**** Raw data ****
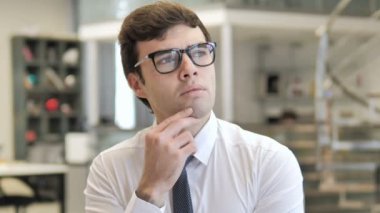Düşünen Genç İşadamı İş Başında, Beyin Fırtınası Fikri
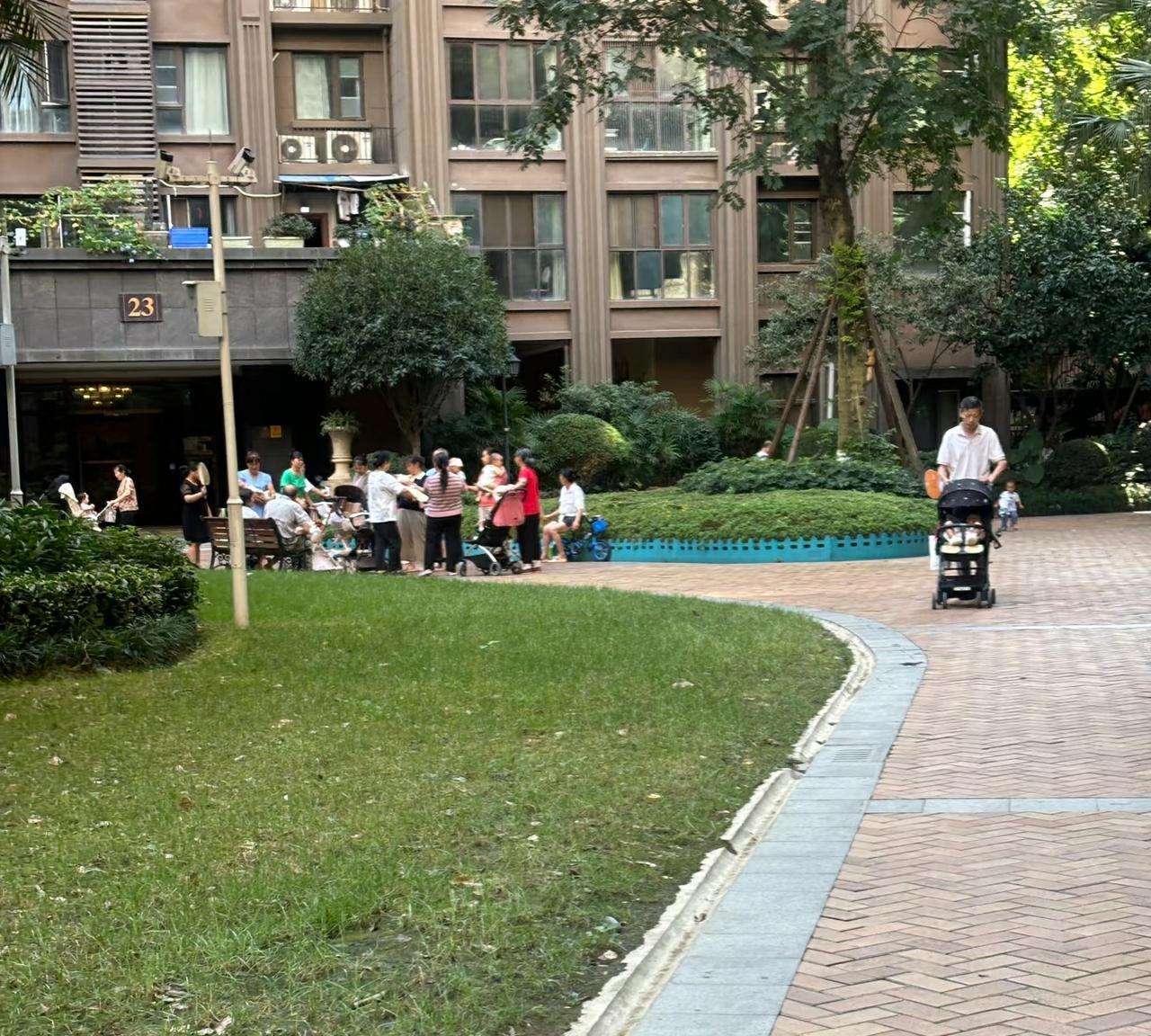 大部分有娃的家庭，如果在小学和中学投入几十万的补课，而且孩子到了初中明显学习就中
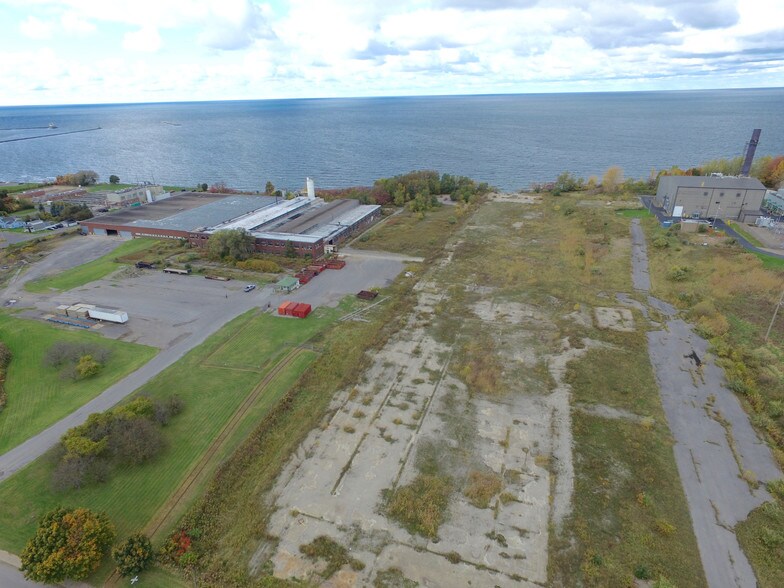 More Photos Of 91 Michell St, Oswego Warehouse For Sale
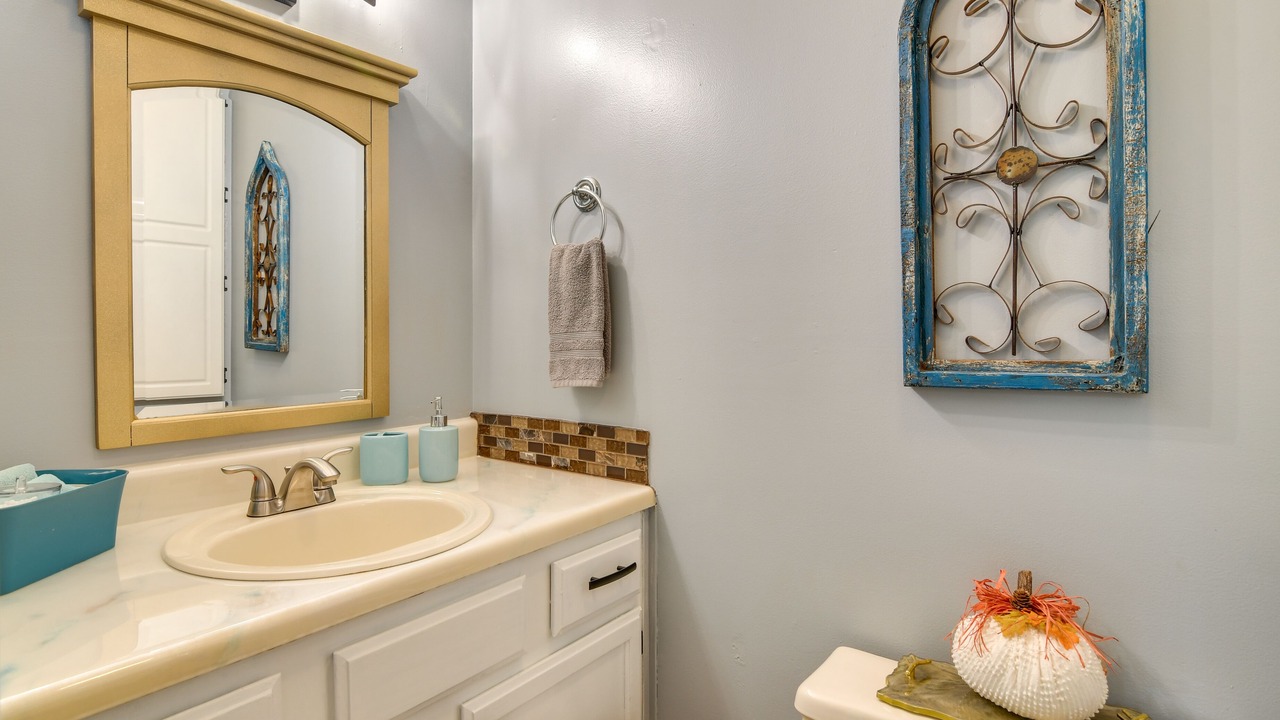 Photo of Bathroom in Notch Estates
****
• **To do**: Each line of the material is to be output exactly. Images are not part of the expected output.

• **Reply to the task**:
Düşünen Genç İşadamı İş Başında, Beyin Fırtınası Fikri
 大部分有娃的家庭，如果在小学和中学投入几十万的补课，而且孩子到了初中明显学习就中
 More Photos Of 91 Michell St, Oswego Warehouse For Sale
 Photo of Bathroom in Notch Estates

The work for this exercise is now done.